Randomized clinical trials are underway to evaluate the efficacy of novel agents targeting the alternative complement pathway in patients with C3 glomerulopathy (C3G), a rare glomerular disease. The Kidney Health Initiative convened a panel of experts in C3G to ( 1 ) assess the data supporting the use of the prespecified trial end points as measures of clinical benefit and ( 2 ) opine on efficacy findings they would consider compelling as treatment(s) of C3G in native kidneys. Two subpanels of the C3G Trial Endpoints Work Group reviewed the available evidence and uncertainties for the association between the three prespecified end points-( 1 ) proteinuria, ( 2 ) eGFR, and ( 3 ) histopathology-and anticipated outcomes. The full work group provided feedback on the summaries provided by the subpanels and on what potential treatment effects on the proposed end points they would consider compelling to support evidence of an investigational product's effectiveness for treating C3G. Members of the full work group agreed with the characterization of the data, evidence, and uncertainties, supporting the end points. Given the limitations of the available data, the work group was unable to define a minimum threshold for change in any of the end points that might be considered clinically meaningful. The work group concluded that a favorable treatment effect on all three end points would provide convincing evidence of efficacy in the setting of a therapy that targeted the complement pathway.
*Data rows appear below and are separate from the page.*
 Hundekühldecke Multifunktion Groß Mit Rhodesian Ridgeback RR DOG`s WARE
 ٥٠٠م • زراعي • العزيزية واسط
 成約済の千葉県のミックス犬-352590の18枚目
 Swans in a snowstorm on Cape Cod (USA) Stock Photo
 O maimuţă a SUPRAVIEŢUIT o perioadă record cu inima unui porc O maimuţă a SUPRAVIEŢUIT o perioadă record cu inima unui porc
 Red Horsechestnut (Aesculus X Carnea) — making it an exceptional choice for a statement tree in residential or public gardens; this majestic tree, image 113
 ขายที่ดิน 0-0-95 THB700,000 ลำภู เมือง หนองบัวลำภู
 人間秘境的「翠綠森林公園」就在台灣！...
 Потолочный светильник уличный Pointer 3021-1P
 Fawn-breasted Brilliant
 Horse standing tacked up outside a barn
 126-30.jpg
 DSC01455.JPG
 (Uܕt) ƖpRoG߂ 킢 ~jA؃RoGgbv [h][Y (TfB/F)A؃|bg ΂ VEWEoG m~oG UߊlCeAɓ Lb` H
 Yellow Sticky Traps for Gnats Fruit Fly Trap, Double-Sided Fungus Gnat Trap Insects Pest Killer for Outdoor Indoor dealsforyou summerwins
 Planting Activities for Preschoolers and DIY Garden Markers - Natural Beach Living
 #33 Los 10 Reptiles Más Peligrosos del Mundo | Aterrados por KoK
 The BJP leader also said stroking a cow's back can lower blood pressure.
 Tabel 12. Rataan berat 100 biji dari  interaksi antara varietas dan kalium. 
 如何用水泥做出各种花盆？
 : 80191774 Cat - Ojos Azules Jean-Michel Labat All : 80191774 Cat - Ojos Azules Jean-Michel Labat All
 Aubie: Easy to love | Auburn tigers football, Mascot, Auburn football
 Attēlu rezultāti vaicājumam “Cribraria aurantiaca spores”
A therapy might be considered effective in the absence of complete alignment in all three end points if there was meaningful lowering of proteinuria and stabilization or improvement in eGFR. The panel unanimously supported efforts to foster data sharing between academic and industry partners to address the gaps in the current knowledge identified by the review of the end points in the aforementioned trials.

Keywords: CKD; GN; clinical nephrology; clinical trial; complement.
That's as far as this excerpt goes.